Wednesday, December 2, 2009

Why is my interest rate going up?

The laws have passed and will soon be in effect. There will be many emails and letters sent out to numerous customers letting them know their interest rates will be going up.

You might be wondering why was I targeted? I haven't made any late payments, never been over the limit, and have a long credit history with that credit card company. The reason lies not in your credit profile, but in the actual credit card company itself.

But here's what the new law won't do: It won't prevent interest rates from going up for the vast majority of customers.


Credit card rates: Nowhere to go but up


Even after Feb. 22, holders of so-called variable-rate cards can expect to see increases. Variable rates are based on the prime rate and meant to follow the rise and fall of that index.

The problem for consumers is that the prime rate is at 3.25%, an historic low. It will almost certainly go up, experts say. And so will credit card rates, which currently average 14.9%, according to the Federal Reserve.

"It does leave a lot of room for growth and prices will go up," said Joshua Frank, a senior analyst for the Center for Responsible Lending.

While most credit card holders already have variable-rate cards, banks have been busy these past few months making sure nearly all customers have those kinds of cards.
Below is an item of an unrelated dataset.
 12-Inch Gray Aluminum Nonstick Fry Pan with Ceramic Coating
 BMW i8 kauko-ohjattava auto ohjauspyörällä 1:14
In addition, some banks are setting a floor on certain accounts to prevent rates from sinking below a minimum level, according to a Pew Charitable Trusts study.

"The credit card reforms outlawed some seriously abusive practices, but the cards will still be loaded with other tricks and traps," said Harvard University professor Elizabeth Warren, an advocate for consumer financial protections.

Indeed, the expectation that interest rates will tick higher exemplifies the difficulty lawmakers faced when crafting the new rules: They wanted to protect consumers without killing credit availability at a time when bank loans are already choked.